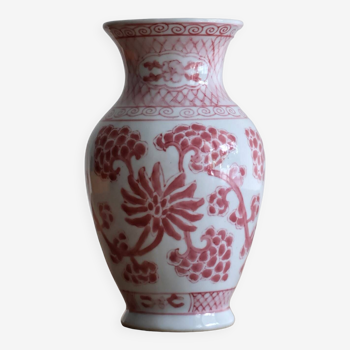 Vase à fleurs style chinois fleuri rouge et blanc
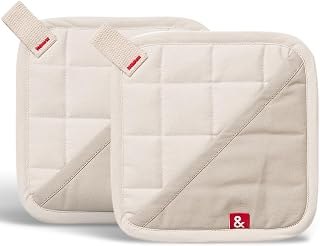hedley & bennett Pot Holders with Pocket, Set of 2, Oat White | Heat Resistant, 100% Cotton Outer and Lining, 100% Polyester Filling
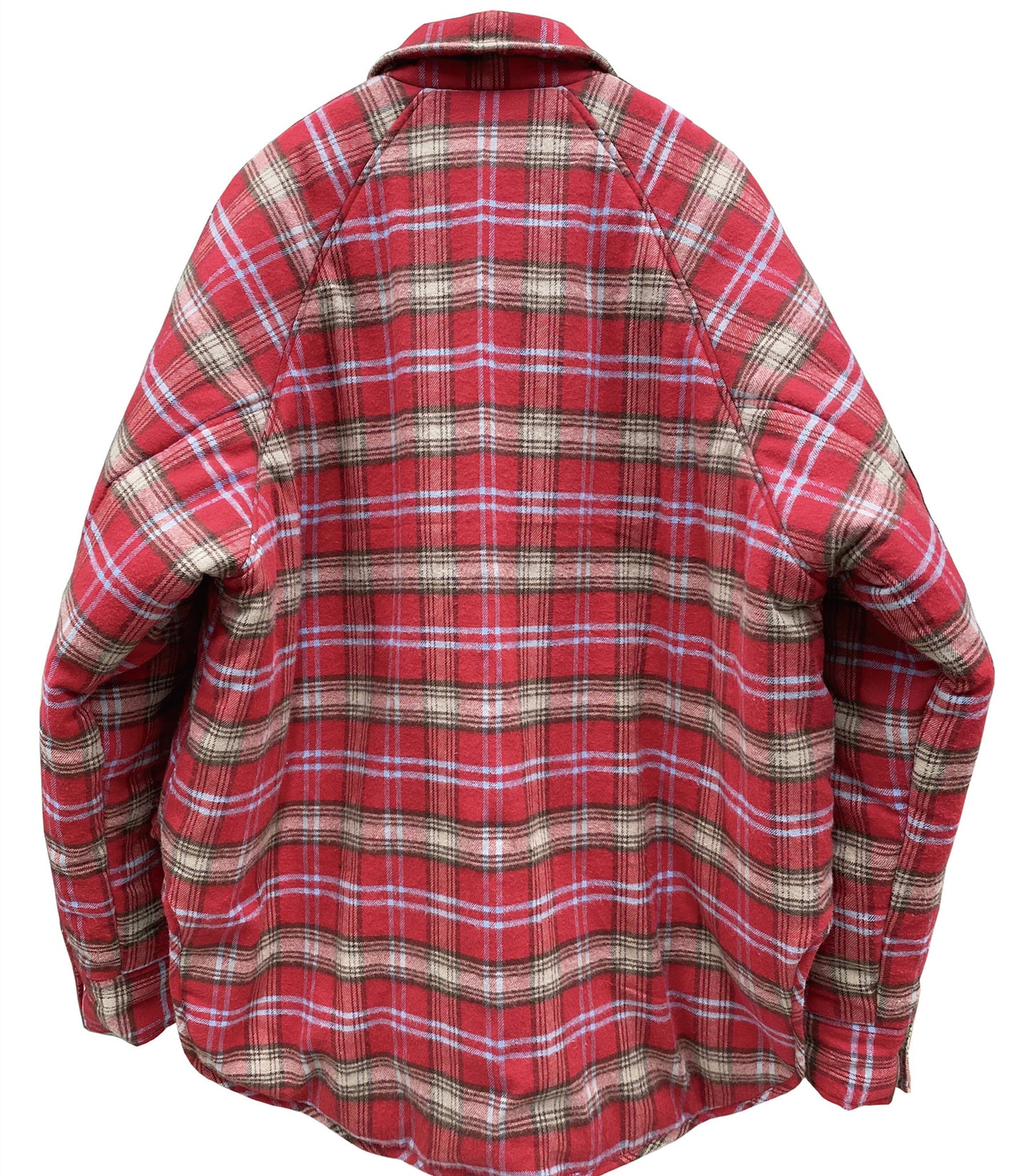 Men's Brushed Red Plaid Padded Zip Shirt Jacket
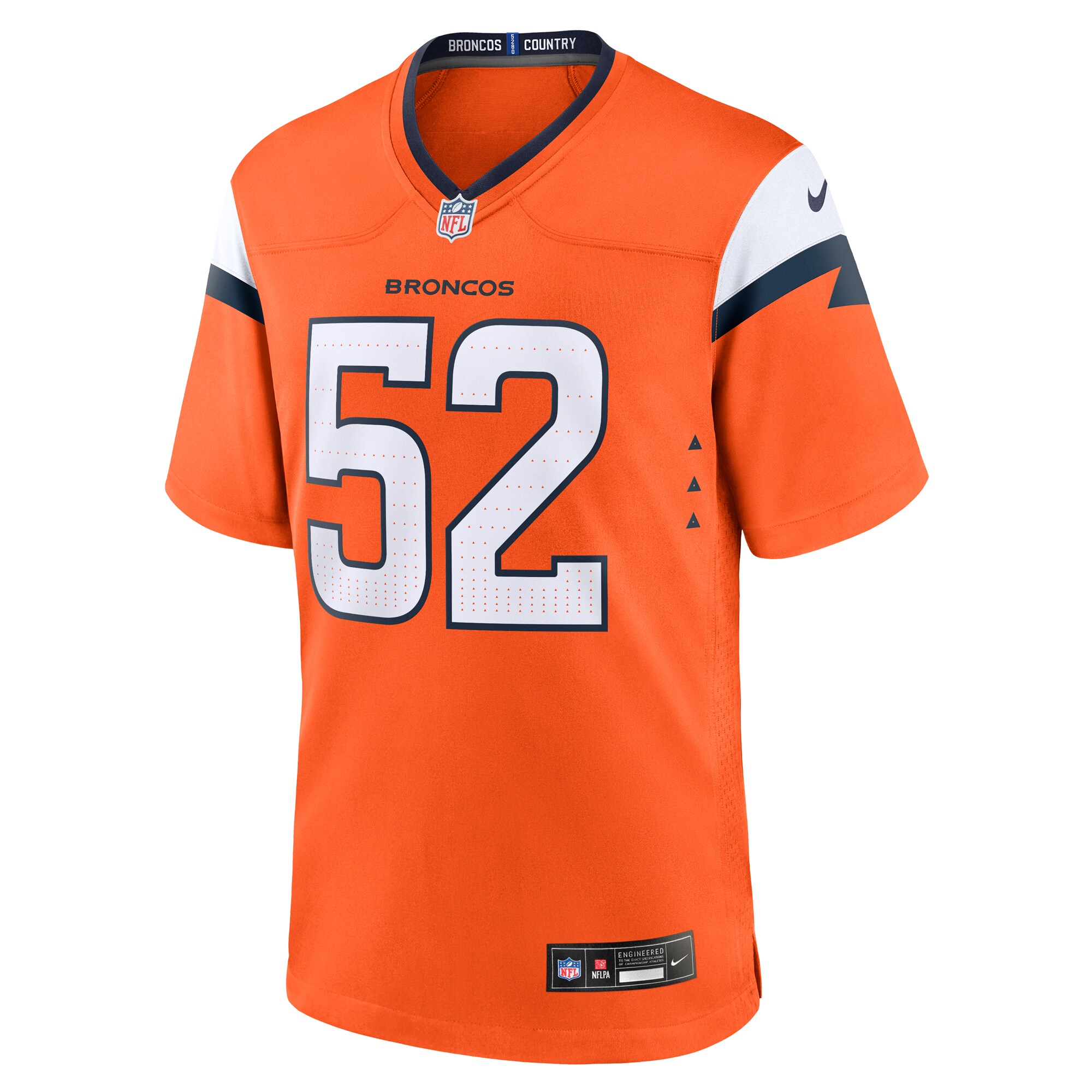 Men's Denver Broncos Jonah Elliss Orange Team Game Jersey JS5492 nicesnker - Image 2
----------
Transcribe all of the material exactly and leave out its pictures.

▶ [Solution for this task]:
 Vase à fleurs style chinois fleuri rouge et blanc
hedley & bennett Pot Holders with Pocket, Set of 2, Oat White | Heat Resistant, 100% Cotton Outer and Lining, 100% Polyester Filling
 Men's Brushed Red Plaid Padded Zip Shirt Jacket
 Men's Denver Broncos Jonah Elliss Orange Team Game Jersey JS5492 nicesnker - Image 2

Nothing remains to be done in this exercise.